Porque la historia, que tan mal se enseña en la actualidad, solo es válida si sus protagonistas son de nuestro agrado. La hemos convertido en una sucesión de personajes “buenos” y “malos”, que hacían cosas buenas y cosas malas.

Como si cada uno de nosotros fuéramos descendientes de los unos o de los otros, y no de todos ellos. Como si no lleváramos una mezcla de sangre íbera, celta, romana, cristiana, judía y árabe, de conquistadores y de conquistados, en lo más profundo de nuestras venas.

Y que nos mostramos tan orgullosos de ser lo que somos, ignorando deliberadamente que tenemos un ADN en un 90 % similar al del chimpancé, un 88 % al del ratón, y un 85% al de la vaca.

Pero claro, nuestra superioridad moral y la miseria de “los otros” es parte de lo que ahora se llama “memoria histórica”.

De mí pueden decir lo que quieran, porque me da lo mismo. Ya estoy acostumbrado.

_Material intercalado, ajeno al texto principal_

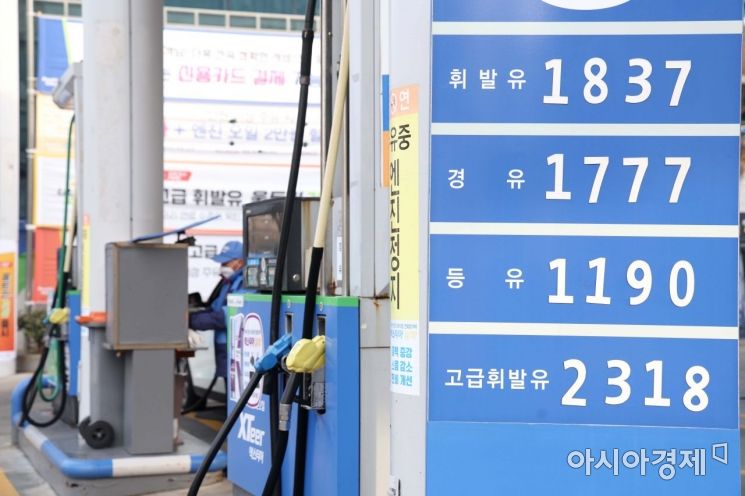 "기업 체감 물가상승률 10%로 높아…원자재 가격 상승 원인"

Y siempre he sabido que si alguna vez me tienen que hacer un trasplante de corazón, recibiré con gusto el de cualquier humano compatible, sea de derechas o de izquierdas, incluso nacionalista.

Y que si no lo encuentran, parece ser que el del cerdo es el que tiene más posibilidades de éxito.

¿Seríamos diferentes si a todos nos hubieran trasplantado un corazón de cerdo?

Otra vez me he ido por los cerros de Úbeda. ¡Maldita sea!